Jacek 28.04.2015 godz. 09:16
Kocham Poznań ale wyprowadziłem się niedawno z niego bo nieda się żyć w tak zrujnowanym i rozkradanym Mieście jak ma to miejsce od wielu lat. Teraz jest tego apogeum.
radca 27.04.2015 godz. 23:15
Słowo planowanie jest tutaj nie na miejscu. Winę za wszystko ponosi PO i stosowana (dopuszczona do stosowania na EURO i przedłużona w nieskończoność (skończoność kasy z UE) metoda "projetuj-buduj".
W tej zaklepanej przez PO+PSL metodzie jest znana tylko nazwa inwestycji oraz min cena, nie jest znane dzieło do wykonania, i właściwie nie jest znany termin, bo jest on zależny od czegoć, co ma dostarczyc urzędnik, a więc siłą rzeczy jest płynny, nie jest również znany zakres prac, bo raz że nie ma projektu, ani nawet załozęn projektowych, to jeszcze jest to uzaleznione znowu od materiałów, które ma dostarczyć, udostepnić urzędnik.
Tak więc nie planowanie a umowy i "projektuj-buduj", co chesz, jak chcesz, za gwarantowaną w umowie min kwotę, i określone zaliczki, fakturowane niezdefiniowane jednoznacznie etapy, są przyczyną marnotrawstwa publicznego grosza i kiepskich powstających obiektów.

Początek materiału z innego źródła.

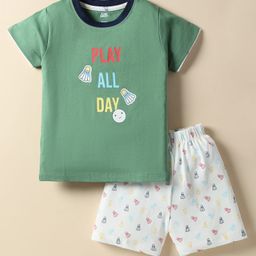 Pink Rabbit Single Jersey Knit Half Sleeves T-Shirt & Shorts Set With Play All Day Text Print - Olive Green-image-22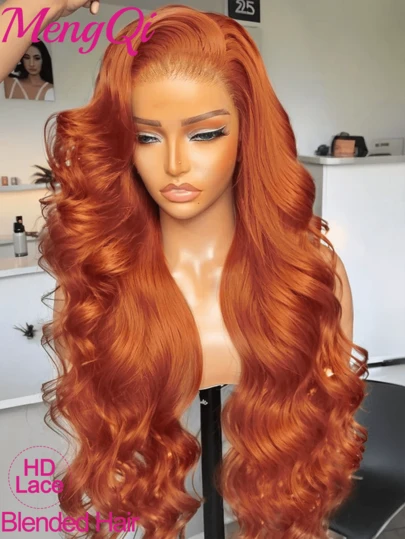 34 Inch Ginger Orange Color 13x4 Lace Front Wigs Human Blended Hair 200 Density Body Wave Wigs Human Blended Hair Pre Plucked Hd Lace Front Wig For Women Brazilian Human Blended Hair Wigs 350 Color Parties Travel Birthday Celebrations Cosplay Graduations Weddings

Druga podstawową przyczyną jest powszechny brak odpowiedzialności za swą pracę i egzekucji pracy w branży budowlanej. Zaginał dach stadionu (dziesiątki ton i metrów konstrukcji - łącznie ok. 106 mln zł) i nikt nic nie wie. Ani dachu, ani publicznej kasy nie ma, ślad po nich zaginął, pomimo tego, ze miasto powołało specjalną spółkę ze specjalnymi wynagrodzeniami i premiami, by kasy publicznej (interesu publicznego inwestora) pilnowała.
----
Dlatego tylko procedura :
1. wywołanie tematu (określenie potrzeb)
2. konsultacje społeczne
3. konkurs na założenie funcjonalno-projektowe dla rozwiażania problemu (wstępny szacunek kosztów ).
4. otwarte konsultacje społeczne i korekta założeń
5. konkurs ofert na wykonanie projektu wg załozęń (projekt, wizualizacja, technologia, projekt wykonawczy, kalkulacja z projektu
6. konsultacje społeczne i środowiskowe,
(analiza kosztów i terminów opłacalnosc zakupu materiałów przez miasto)
7. przetarg na wykonanie wg projektu oraz konkurs ofert na nadzór + nadzór autorski.
(harmonogram prac godzinowy, analiza stanu zagrożeń, procedury działań awaryjnych).
8. nadzór kontrola, zabezpieczenie próbek, dokumentowanie jakości, (procedury ISO)
9. obiór i rozruch (kontrola społeczna)
10. aktualizacja powykonawcza dokumentacji i poprawki (usuwanie usterek -chociaz ich nie powinno być)
11. odbiór końcowy, rozliczenie, przekazanie do eksploatacji,
realizacja płatności i zabezpieczenie roszczeń gwarancyjnych (kwota, weksle, terminy reakcji).
Tylko stodowanie sprawdzonych, własciwie obowiazujacych (Dyrektywy UE) procedur postepowania będzie gwarancją sensownej inwestycji, wykonania tego co się chciało, w określonych terminach, w zaplanowanych kosztach, w założonej jakości z pewnością gwarancji.
radca 27.04.2015 godz. 22:37
@PYTANIE
jakiś problem ?
Są wywiadownie, jest rekonesans na rynku, jest szpiegostwo gospodarcze, są weksle trasowane jako gwarancje przed zamierzonymi upadkami, jest paragraf na działanie na szkodę firmy, są terminy płatnosci i procedury odbioru i wyceny etapów prac.
do Pani K. 27.04.2015 godz. 12:23
Generalna dyrekcja jak nic porwie tę Panią i już za rok będa wszystkie autostrady
PYTANIE 27.04.2015 godz. 12:12
A jak przewidzieć upadek firmy ????
autor 27.04.2015 godz. 12:08
To tak jak autostrady !!!!!!!!!!!!!!!!! Wszystkie wybudowano w terminie , ha ha ha !!!!!!